“Aye. I’ve done all I know to do. Now he’s fevered and struggles for breath,” Jamie said with a tired nod. “Will you help?”
It was guilt she read in his reaction, as plainly as if it were written there. Why? It was her upbringing the supplied the answer. Because this entire wedding had been a mummery to satisfy the queen and now that Squire Hollier had what he wanted, Jamie suffered over how he’d used her.
Humiliation circled in on her like an eagle on carrion. She was a greater fool than Brigit. At least the governess had given only her heart to the man who wished to use her, not her body.
“Tell me,” she demanded, the anger in her voice echoing in the quiet chamber, startling her as much as it did him.
Even then, he couldn’t keep his gaze on hers. His eyes shifted to the side. “Tell you what?”
Belle’s lip curled. He wore guilt like a hair shirt. “Why can I not touch you?” she demanded, determined to wrench the truth from him.
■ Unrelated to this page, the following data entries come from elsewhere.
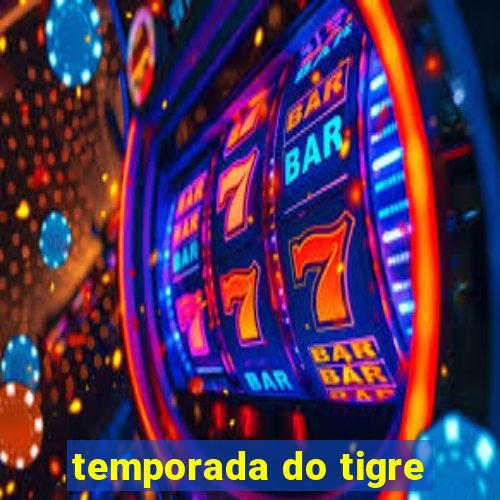 temporada do tigre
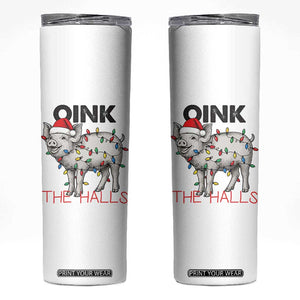 Oink The Halls Skinny Tumbler Funny Christmas Pig Lover Gift TS12 White Print Your Wear
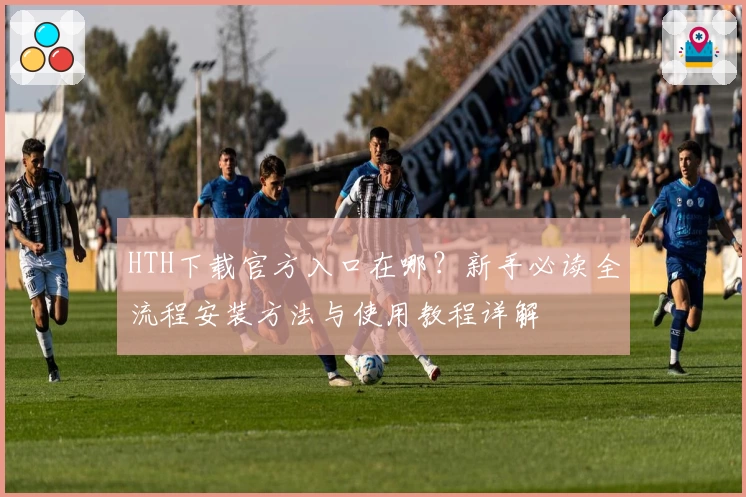 HTH下载官方入口在哪？新手必读全流程安装方法与使用教程详解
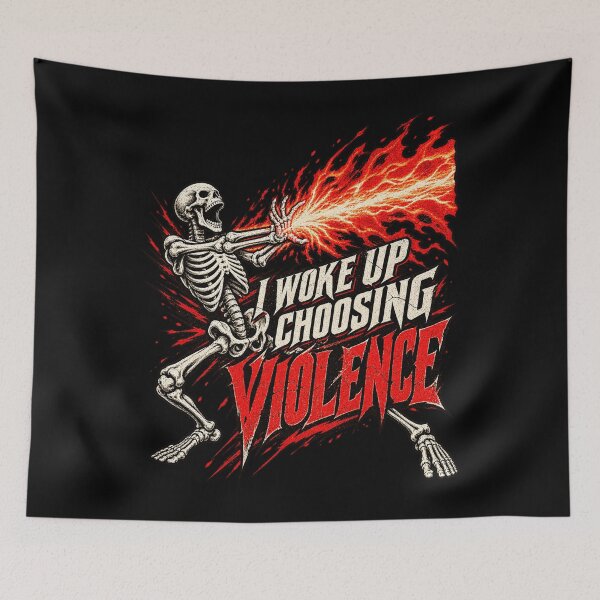 Item preview, I Woke Up Choosing Violence Skeleton Fire Funny Meme Design designed and sold by JapanAnimeSH1.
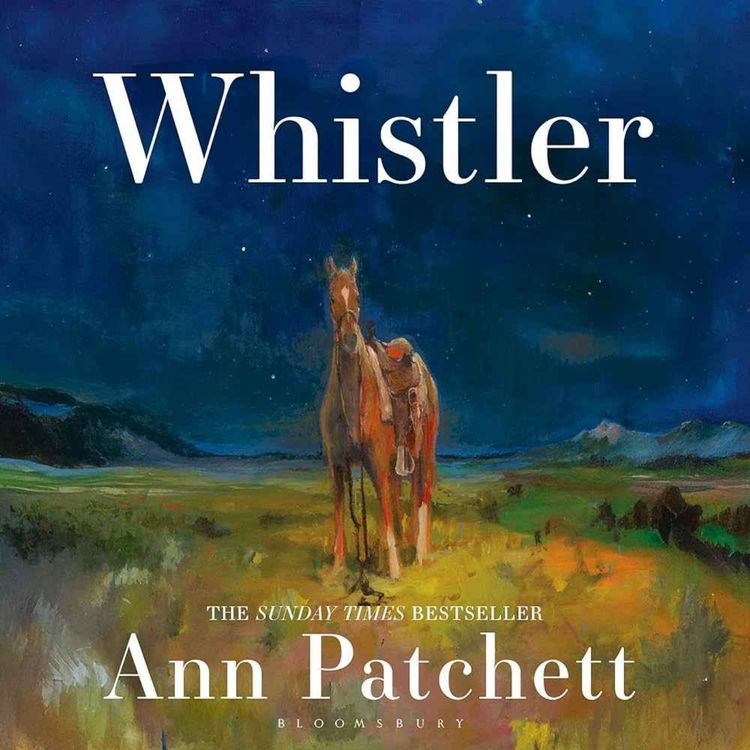 cover art for Little Atoms 1001 - Ann Patchett's Whistler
For a long moment, the only sounds in the room were the screech of the wind along the castle’s wall and the crackle of the fire.
Misery touched his handsome features. “Belle, I'm being torn in two. Nick’s nor just my employer, he's my friend. Because of that I owed him my protection. That’s what I gave him this night. But in the doing of it, I endangered you. You,” he reached out to trace a fingertip down the curve of her cheek, “who are sweet and good and loving. You, who deserve my protection as much as Nick.”
“How have you endangered me?” she demanded of him.
“We aren’t married,” he said, his voice low. “We can’t be, no matter what sort of private vows we shared yesterday.” His head bowed. “Dear God, as if it weren't already complex enough with Nick being married to two women at once. What if you come with child?” This was a bare whisper. “If I don’t claim the babe as my own then I'll have made my child Nick's heir and stolen another man’s inheritance from him. But if I do, he'll be my bastard and, you who has done no wrong, will be adjudged a whore.”
With his words, the chains of Belle’s early years shattered. Her mother was wrong. Just because Belle was plain didn’t mean she wasn’t worthy of love. Look how this handsome man so loved her that he fretted over some future and imagined wrong he might have done her.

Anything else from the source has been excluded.